This Fallen Growth Stock Is Still a Wall Street Favorite: Here's Why

The stock may be down by 60% over the past 12 months, but Maravai LifeSciences Holdings (MRVI 0.60%) is still in Wall Street’s good graces, with all 10 of the big-time financial analysts who cover the stock rating it as either a buy or a strong buy. In the face of such a steep decline, that’s quite a strong endorsement of the company’s potential.

Let’s take a minute to see why Wall Street hasn’t given up on this stock yet and to understand whether it might be a smart way to build more growth in your portfolio now.

Supplying a growing demand now…

Maravai’s business model is to sell pure and ready-to-use nucleic acids to biopharma companies making molecular diagnostics and DNA- or RNA-based medicines. As you might have guessed, that means household-name companies making coronavirus vaccines based on nucleic acids — like Moderna, Pfizer, and BioNTech — are all potential customers. And that means the company is effectively selling shovels to players chasing the vaccine gold rush.

In the second quarter alone, it brought in $178 million from sales of its CleanCap nucleic acids intended specifically for use in COVID-19 vaccine manufacturing and development. But even without CleanCap sales, its nucleic acid segment, the heart of its business, expanded by 27% compared to the prior year. And since the start of 2020, its quarterly gross margin has risen considerably, a testament to its growing profitability.

…and a growing demand ahead

Beyond the next few years, Maravai will also likely be an important supplier to biotechs making therapies based on nucleic acids, meaning that it will still be selling to Moderna and BioNTech even after the pandemic is over.
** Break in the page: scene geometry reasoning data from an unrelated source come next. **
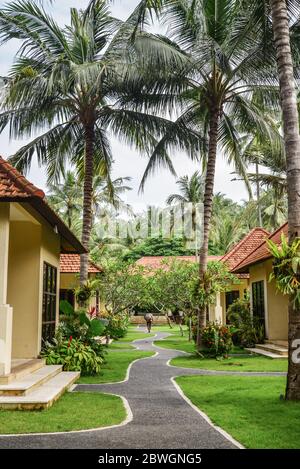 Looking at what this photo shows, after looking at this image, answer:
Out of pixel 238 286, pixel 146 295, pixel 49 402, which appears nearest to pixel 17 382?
pixel 49 402

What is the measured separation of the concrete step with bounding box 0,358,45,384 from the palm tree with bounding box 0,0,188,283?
4303 mm

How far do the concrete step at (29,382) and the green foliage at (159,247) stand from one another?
4131 centimetres

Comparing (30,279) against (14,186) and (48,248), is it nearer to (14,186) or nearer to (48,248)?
(48,248)

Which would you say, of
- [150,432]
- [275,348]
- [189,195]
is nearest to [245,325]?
[275,348]

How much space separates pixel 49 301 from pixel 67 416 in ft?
20.8

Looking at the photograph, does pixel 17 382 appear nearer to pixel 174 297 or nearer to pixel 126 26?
pixel 126 26

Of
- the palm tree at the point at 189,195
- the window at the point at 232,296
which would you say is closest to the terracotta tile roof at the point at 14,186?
the window at the point at 232,296

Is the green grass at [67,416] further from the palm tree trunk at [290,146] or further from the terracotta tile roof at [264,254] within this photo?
the terracotta tile roof at [264,254]

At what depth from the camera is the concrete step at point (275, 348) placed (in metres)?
14.9

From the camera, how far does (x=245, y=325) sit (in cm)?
1836

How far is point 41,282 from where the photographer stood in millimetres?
11320

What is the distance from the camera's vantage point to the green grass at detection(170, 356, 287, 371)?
12594 mm

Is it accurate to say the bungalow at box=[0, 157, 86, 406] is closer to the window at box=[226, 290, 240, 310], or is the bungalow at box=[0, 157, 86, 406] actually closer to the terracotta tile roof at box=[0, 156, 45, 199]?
the terracotta tile roof at box=[0, 156, 45, 199] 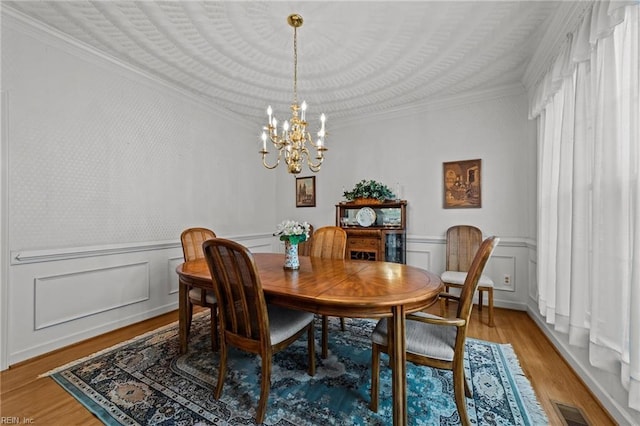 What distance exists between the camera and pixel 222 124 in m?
4.00

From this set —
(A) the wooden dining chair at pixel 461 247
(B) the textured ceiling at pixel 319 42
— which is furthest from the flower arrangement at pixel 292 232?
(A) the wooden dining chair at pixel 461 247

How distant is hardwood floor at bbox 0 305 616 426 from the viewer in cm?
158

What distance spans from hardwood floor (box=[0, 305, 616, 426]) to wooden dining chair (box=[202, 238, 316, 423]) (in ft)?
2.89

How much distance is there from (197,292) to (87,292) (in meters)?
1.13

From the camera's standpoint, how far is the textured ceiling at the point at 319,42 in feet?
6.77

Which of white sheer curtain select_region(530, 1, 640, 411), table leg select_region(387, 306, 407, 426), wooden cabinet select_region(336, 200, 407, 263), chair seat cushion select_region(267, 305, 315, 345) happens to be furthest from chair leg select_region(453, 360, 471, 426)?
wooden cabinet select_region(336, 200, 407, 263)

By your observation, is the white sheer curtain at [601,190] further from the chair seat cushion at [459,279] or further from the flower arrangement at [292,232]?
the flower arrangement at [292,232]

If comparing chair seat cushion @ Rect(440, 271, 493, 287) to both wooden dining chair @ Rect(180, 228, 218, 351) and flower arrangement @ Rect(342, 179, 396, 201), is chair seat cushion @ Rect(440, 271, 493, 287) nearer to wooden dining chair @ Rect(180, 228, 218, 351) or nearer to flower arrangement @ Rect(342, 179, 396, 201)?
flower arrangement @ Rect(342, 179, 396, 201)

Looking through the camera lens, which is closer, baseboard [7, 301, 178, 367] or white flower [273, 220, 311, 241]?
white flower [273, 220, 311, 241]

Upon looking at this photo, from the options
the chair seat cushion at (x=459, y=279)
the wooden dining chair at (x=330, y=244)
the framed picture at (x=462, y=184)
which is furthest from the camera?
the framed picture at (x=462, y=184)

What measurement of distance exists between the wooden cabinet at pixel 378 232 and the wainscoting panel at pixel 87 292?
2541 millimetres

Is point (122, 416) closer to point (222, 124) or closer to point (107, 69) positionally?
point (107, 69)

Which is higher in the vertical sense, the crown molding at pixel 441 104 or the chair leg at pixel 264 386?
the crown molding at pixel 441 104

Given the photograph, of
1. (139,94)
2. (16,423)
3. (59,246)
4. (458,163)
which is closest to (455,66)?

Given that such therapies are relatively new and still advancing through clinical trials, the company will have demand for its nucleic acids for years and years to come.

It’s already scaling up its manufacturing facilities to keep up with the anticipated growth in demand. The Department of Defense, a major customer, is paying it up to $39 million to do so as of earlier this year. If getting a customer to invest in your company’s manufacturing capacity so that it can do even more business with you in the future isn’t a positive sign, not much is. 

But should you buy it?

There are a couple of considerations for investors thinking about a purchase of Maravai. 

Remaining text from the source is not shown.